Source : Le Petit Breton 18 juillet 1937

C’est en revenant de l’enterrement d’un de ses neveux

que le père découvrit le corps de la petite victime.

C'est une véritable tragédie qui a eu lieu vendredi dernier,

dans un paisible village de goémoniers, à moins de deux kilomètres

de Porspoder.

Ce hameau a pour nom Kermerrien.

Il est planté dans le cadre à la fois dramatique et grandiose

du rivage marin hérissé de récifs.

Jean Vaillant, 37 ans, célibataire goémonier, vivant avec sa mère à Kerizella, dans une crise de démence, a tailladé à coups de hache

le corps d'un garçonnet de deux ans, Joseph Conin, son petit cousin, tandis que le père de celui-ci assistait aux obsèques de son neveu,

un bébé enlevé à l'âge de deux mois par une méningite.
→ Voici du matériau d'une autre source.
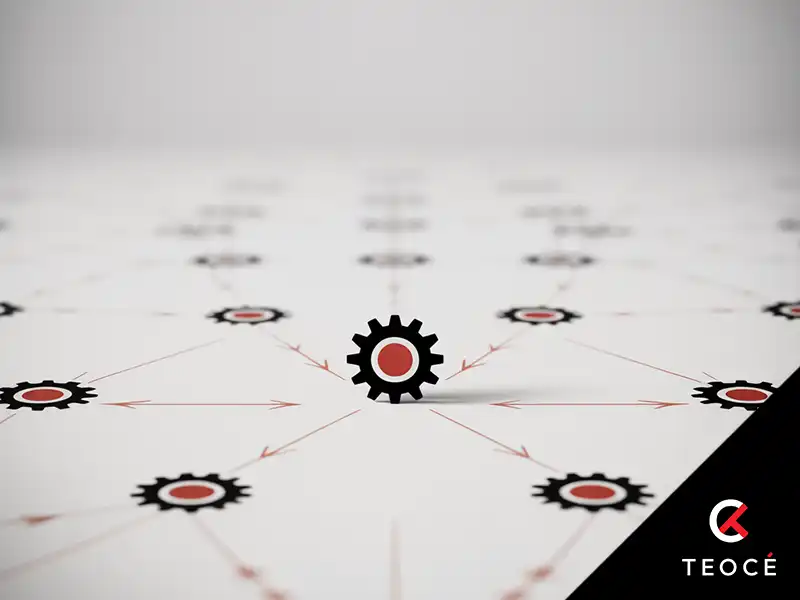 Engranaje negro con centro rojo en el centro de una red de conexiones y flechas que se extiende en múltiples direcciones sobre un fondo blanco, simbolizando la limitación central en un sistema interconectado. Logotipo de TEOCÉ en la esquina inferior derecha.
Auparavant, le meurtrier s'était rué sur un voisin, M. Laurent Crozon,

âgé de 56 ans, maître principal en retraite et lui avait donné plusieurs coups de couteau et avait blessé également une voisine accourue

à son secours, M me Perrine Gléo, née Le Lann, âgée de 54 ans.

Après quoi, ayant répandu le sang partout, le forcené avait essayé

à deux reprises de se détruire.

On avait réussi à le ligoter et une auto l'emmenait vers la gendarmerie

de Ploudalmézeau.

Dans une cour, des gens sont rassemblés.

Nous remarquons parmi eux un goémonier dont la douleur est encore plus amère, plus manifeste que celle des autres : c'est le père de la victime.
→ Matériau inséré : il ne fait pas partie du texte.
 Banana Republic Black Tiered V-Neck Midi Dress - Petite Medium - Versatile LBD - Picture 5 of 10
M. Alexandre Conin, âgé de 30 ans, a eu quatre enfants : René, 5 ans ; Marie-Louise, 3 ans ; Joseph (la victime), 2 ans et Germaine, 1 an.
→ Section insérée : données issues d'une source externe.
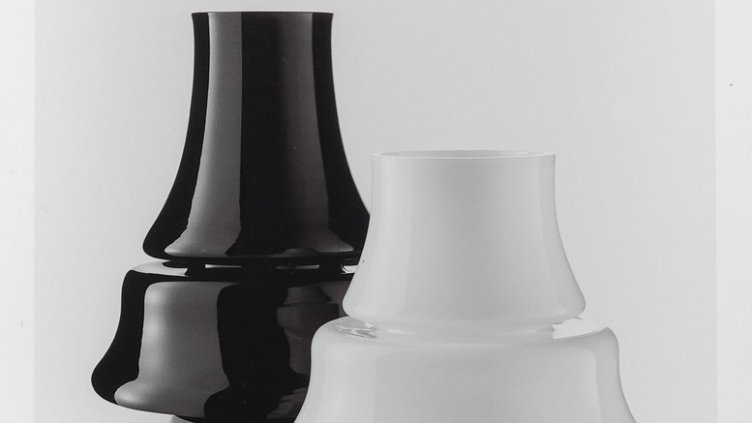 За лятото: Пана с италиански вази преобразяват оградата на Градската галерия във Варна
Il partage la ferme avec son frère, M. Jean Conin, âgé de 37 ans,

père lui aussi de quatre enfants.

La mort rôdait déjà autour de cette maison.

M. Jean Conin ne venait-il pas de perdre son dernier né,

un bébé de deux mois ?

Précisément, alors que le terrible drame se jouait entre ce fou dont la force, à ce moment, était décuplée et quelques femmes mortes

de frayeur, tous les hommes du pays assistaient aux obsèques

de cet enfant enlevé par la méningite.

Avant le crime

Le meurtrier, Jean Vaillant, âgé de 37 ans, est le cousin

de M. Alexandre Conin.

Il y a six ans, très exactement, le 10 juillet 1931, Jean Vaillant avait demandé la main d'une jeune fille du pays, Mlle Richard.

Cette démarche avait été malheureuse.

Par dépit amoureux, l'homme malmena la demoiselle.

Il fut condamné pour violences à une amende, mais, trois mois après, Vaillant présentait des signes de démence.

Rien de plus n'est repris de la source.